Evaluating Infection Patterns Among Patients With Multiple Myeloma Receiving BCMA-Targeting CAR T-Cell Therapy
Key Clinical Summary:
- Design/Population: A CIBMTR registry analysis evaluated > 800 patients with relapsed/refractory multiple myeloma treated with a homogeneous BCMA-directed CAR T-cell construct, assessing infection incidence, risk factors, and survival with landmark analyses at day 100.

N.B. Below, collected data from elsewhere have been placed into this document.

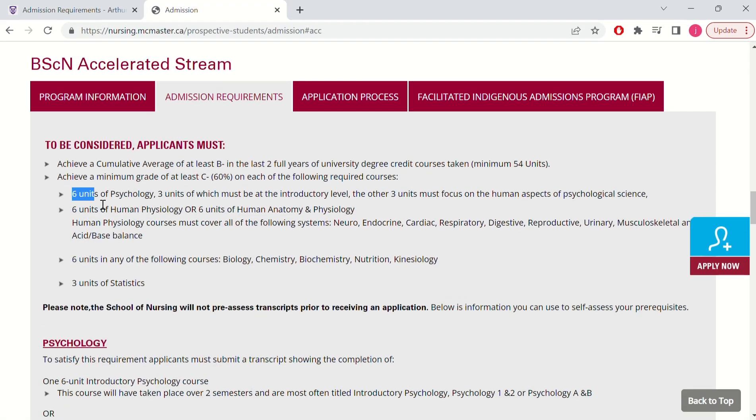The next question is actually a very smart one. Someone asked: I've seen some prerequisite courses listed as three units versus six units, and some listed as 0.5 units or 1.0 unit — what does that mean? Let's get into it.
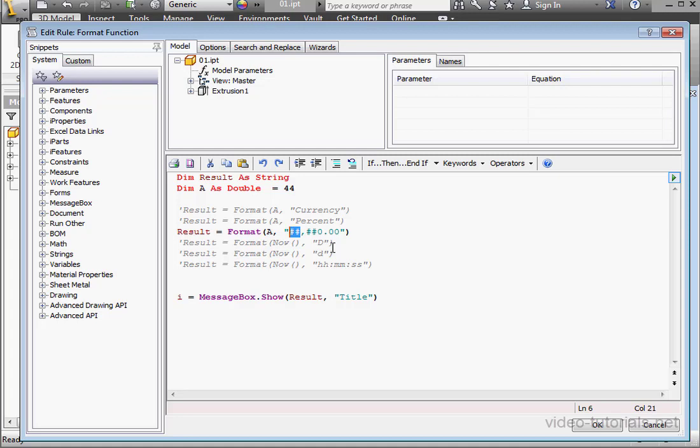Another example of a digital placeholder is the number 0. If digits are there, they will display. If no digits are there, then you'll see 0.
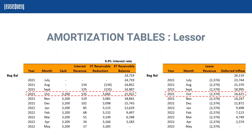The interest revenue is calculated based on our rate, and the difference is the principal portion reducing the short-term receivable each period. We'll actually see a reduction in our receivable balance starting as of the time period that we actually make a payment. For the first few months where no payment is received, there will actually be an increase in the receivable balance, and you'll see that accounted for highlighted as of October.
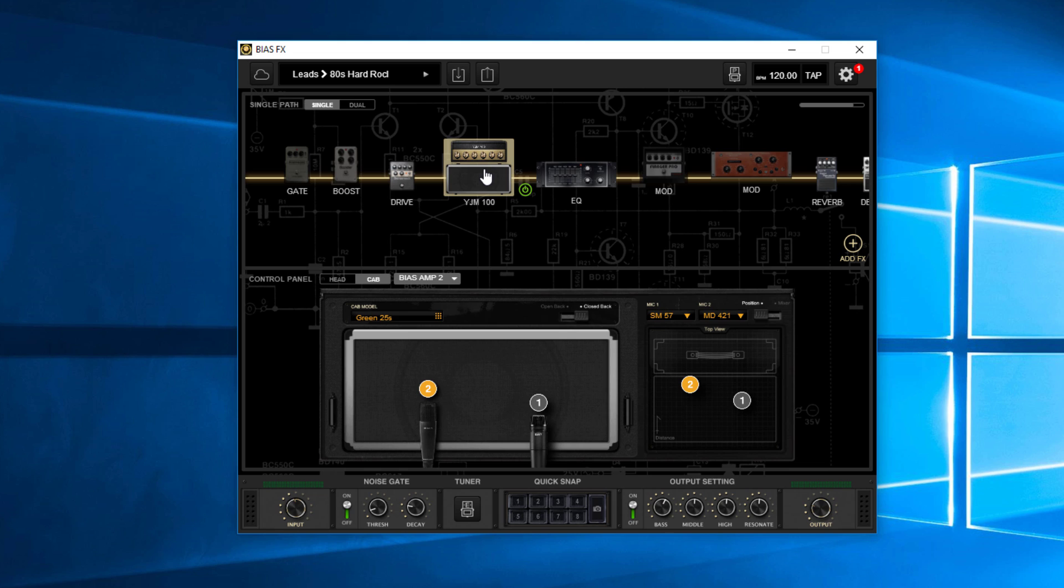Again, there's so many other things that you can do with this. But I just want to show you how easy it is to pull in one of those amps from the BiasAmp2 software into the BiasFX.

- Key Outcomes: Cumulative infection incidence by day 100 was ~27 to 28% overall (viral 14.4%, bacterial 14.1%, fungal ~3%). Bacterial infections decreased after day 30, while viral infections continued to increase beyond day 30. Infection-related mortality was low (1.1%); NRM 1.8% at day 100. Risk factors for infection included higher-grade CRS/ICANS, Karnofsky <80, and prior infections. ≥ 2 infections within 100 days were associated with inferior OS (HR ~2.4). IVIG replacement was associated with improved OS (HR ~0.5).
- Clinical Relevance: In BCMA CAR T-treated myeloma, viral infections predominate late, contrasting with CD19 CAR-T experience. These data support risk-adapted, pathogen-specific prophylaxis and monitoring, highlight the prognostic impact of early recurrent infections, and suggest a potential survival benefit of IVIG replacement to inform post-CAR T supportive care guidelines.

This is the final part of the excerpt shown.